I don't have a solution, I'm simply saying we should expect that things CAN
improve instead of waving off all complaints. Sure, many of those complaints
we CAN'T fix without an alternative, and we do know that known alternatives
are generally worse, but there's a difference between "That is a legitimate
problem, but we don't know how to fix it yet" and "stop complaining because
there is no hope".

Why does it matter? Because if we aren't looking for change, we're unlikely to
find it. For example, here are few things we do know:

* first past the post voting is one of the worst options in a democracy, regardless of your desired outcome. Some systems are better if you want compromise candidates, some systems are better if you want the most supported candidates, some are better if you want to avoid terribly unpopular candidates, but FPTP is subpar across the board.

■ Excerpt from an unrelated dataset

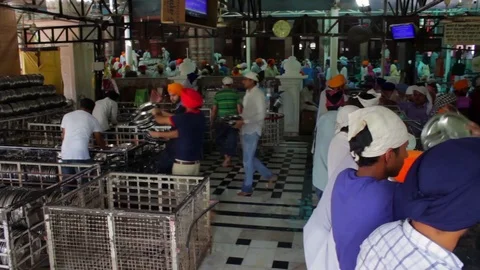 Dishwashing in Temple Vídeos de archivo 91180023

* an American-style system can invite crisis where two sides (Prez and Congress) are opposed...and both sides are directly (ish) elected by the people, whereas a Parliament system does not.

* a representative democracy does not give decision power to people, but instead defines the boundaries within which the govt operates. Within those boundaries lots of unpopular decisions will be made, but so long as the boundaries are not violated, those decisions will still happen (and largely without consequence, though that's far harder to be decisive about).

We know these things because people have cared to notice, people have bothered
to consider "does it have to be this way?" Even if the answer for now is
"Unless we want things worse", that should be the answer _for now_, not the
final answer.